The A-Z Glossary of Server-Side Tracking
Your complete guide to the terms, acronyms, and concepts shaping the future of digital marketing.
A
- API (Application Programming Interface)
- A set of rules that allows two different software systems to communicate with each other. In server-side tracking, your server uses APIs (like the Meta CAPI) to send data directly to the ad platforms' servers.
- Attribution
- The process of assigning credit for a conversion (like a sale or lead) to the marketing touchpoints a user interacted with. Server-side tracking makes attribution far more accurate by capturing data that would otherwise be lost.
B
- BigQuery / Data Warehouse
- A large, centralized cloud database (like BigQuery or Snowflake) designed for storing and analyzing massive amounts of data. OATS allows you to send your clean, server-side data directly to your warehouse, creating a single source of truth for your entire business.
- Bot Detection
- The process of identifying and filtering out non-human (bot) traffic from your analytics. OATS's server-side bot detection prevents this "garbage data" from polluting your reports and ad platform audiences *before* it gets sent.
C
- CAPI (Conversions API)
- Meta's (Facebook's) server-to-server API. It allows you to send conversion events from your server directly to Meta, bypassing the client-side browser pixel. This is a core component of server-side tracking.
- Client-Side Tracking
- The traditional tracking method where scripts (pixels) run in the user's browser (the "client") and send data directly to third-party platforms. This method is unreliable due to ad blockers, ITP, and site performance issues.
- Cookie (First-Party)
- A small data file set by the website domain you are currently visiting (e.g., yoursite.com). Server-side tracking sets cookies in a first-party context, making them trusted by browsers and not subject to Safari's 7-day deletion rule.
- Cookie (Third-Party)
- A cookie set by a domain other than the one you are visiting (e.g., a Facebook pixel on yoursite.com). These are being blocked by default in Safari and Firefox and are being phased out by Google Chrome, making client-side tracking obsolete.
D
- Data Deduplication
- The process of removing duplicate conversion events. In a hybrid setup, you might send a "purchase" event from both the browser and the server. Deduplication ensures that platforms like Meta only count this as one conversion.
- Data Layer
- A JavaScript object on your website that holds all the data you want to track (e.g., product name, price, user ID). Google Tag Manager reads from this data layer to get the information it needs to send to your marketing platforms.
F
- First-Party Context
- An environment where all data is handled by your own domain. When you use server-side tracking, the data request is sent to your own server (e.g., tracking.yoursite.com), which browsers trust. This avoids the blocks associated with third-party requests.
G
- GA4 (Google Analytics 4)
- Google's latest version of its analytics platform. It is designed to be event-based and work seamlessly with server-side tracking to collect more accurate data across websites and apps.
- Gclid / Fbclid
- Unique click identifiers automatically added to your URLs by Google Ads (gclid) and Facebook Ads (fbclid). These IDs are essential for attributing a conversion back to a specific ad click. OATS's "UTM Keeper" helps save these IDs from being lost by browser restrictions.

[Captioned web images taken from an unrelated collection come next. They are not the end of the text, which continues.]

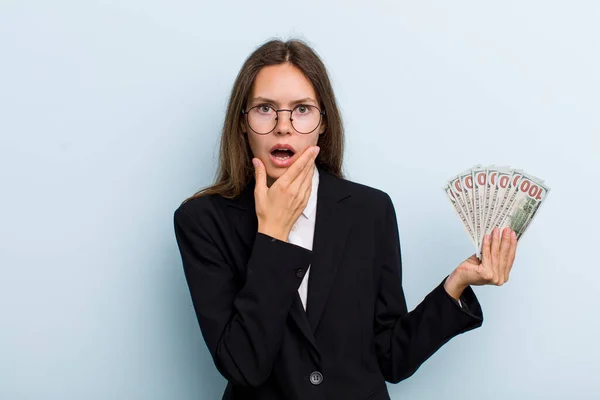 Young Adult Woman Mouth Eyes Wide Open Hand Chin Dollar — Stockfoto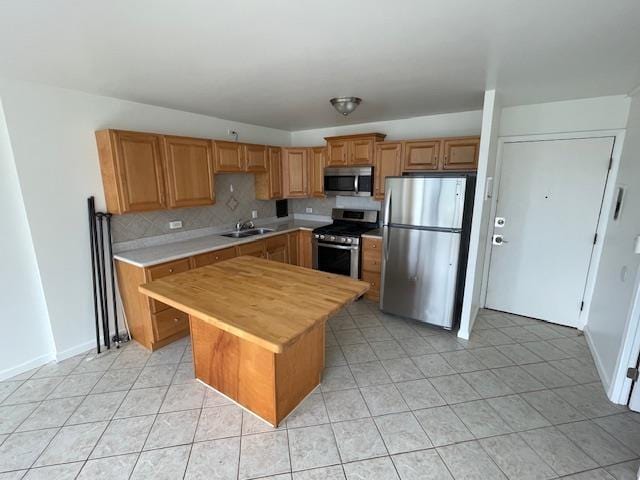 kitchen featuring backsplash, stainless steel appliances, sink, a kitchen island, and butcher block counters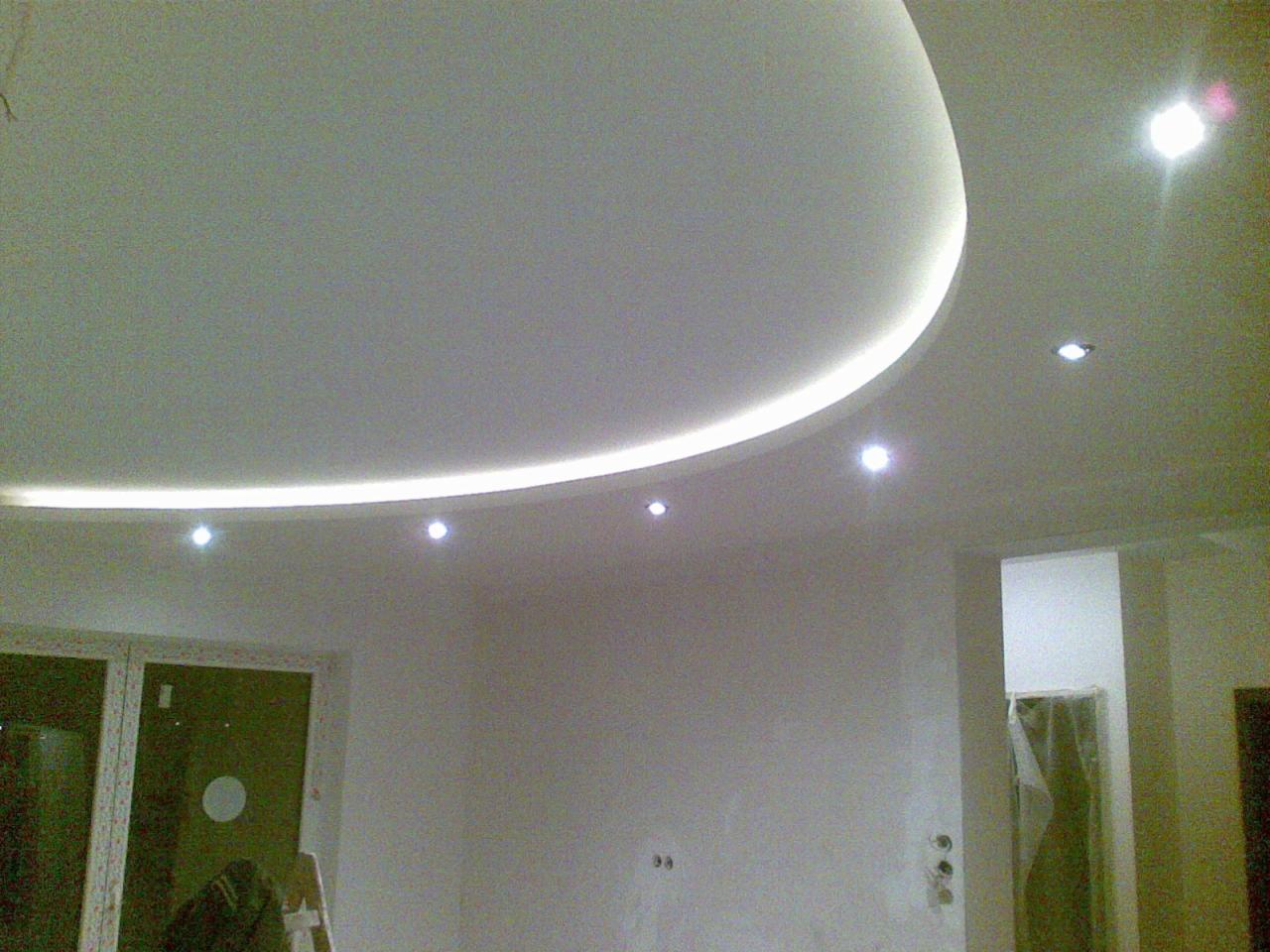 Nowoczesny sufit podwieszany z oświetleniem LED w kształcie łuku, punktowe lampy wkomponowane w gładką powierzchnię, widoczne okno i drzwi w tle.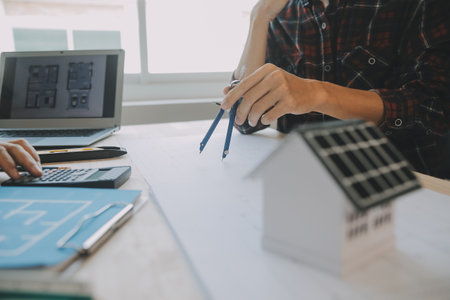 Professional Mechanical Engineer team Working on Personal Computer at Metal lathe industrial manufacturing factory. Engineer Operating lathe Machinery. Product quality Inspectionの写真素材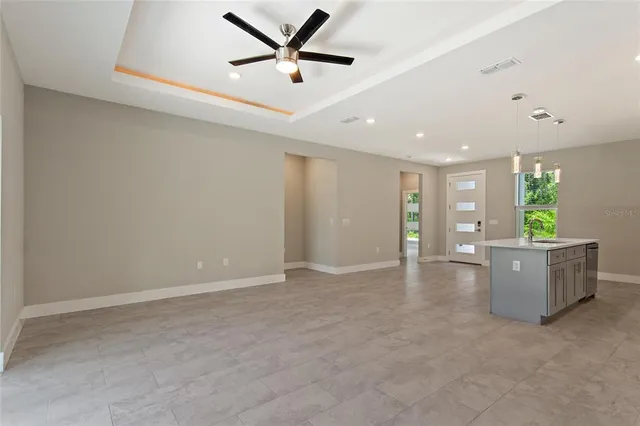 a kitchen with stainless steel appliances granite countertop a refrigerator and a stove top oven
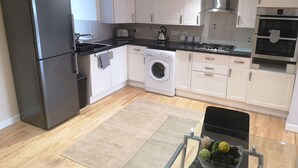 Une cuisine moderne avec des meubles blancs, un réfrigérateur en acier inoxydable, un lave-linge et un four Bosch.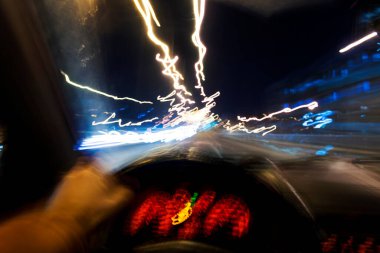 Uzun pozlama ve sallantılı bir araba ve sürücünün gözleri gece yolda hız yapıyor..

- GTM (Google Tag Manager)
- A free tool from Google that allows you to manage and deploy all of your tracking tags (pixels) from one central interface, without having to edit website code directly.
H
- Hybrid Tracking
- A "best of both worlds" strategy where you use server-side tracking for your most critical conversion and analytics data (GA4, Meta CAPI) and keep client-side tracking for specific UX tools like heatmaps (e.g., Hotjar).
I
- ITP (Intelligent Tracking Prevention)
- Apple's privacy feature in the Safari browser. It aggressively blocks third-party cookies and limits the lifespan of client-side first-party cookies to 7 days, which breaks attribution and shrinks remarketing audiences.
P
- Pixel
- A common term for a client-side tracking script, named after the original 1x1 transparent "tracking pixel" image. The "Meta Pixel" is a prime example of a client-side tag.
S
- Server-Side Tracking
- The modern tracking method where data is sent from a user's browser to your own server first. Your server then filters, enriches, and securely forwards this data to third-party platforms via APIs. This method is more accurate, secure, and faster.
- sGTM (Server-Side Google Tag Manager)
- The server-side version of Google Tag Manager. It's the technology that runs on your server (or on OATS) and manages all your server-to-server data streams.
U
- UTM Parameters
- Tags added to the end of a URL (e.g., ?utm_source=google) to track the origin of your website traffic. They are essential for knowing which campaigns, sources, and mediums are driving visitors and conversions.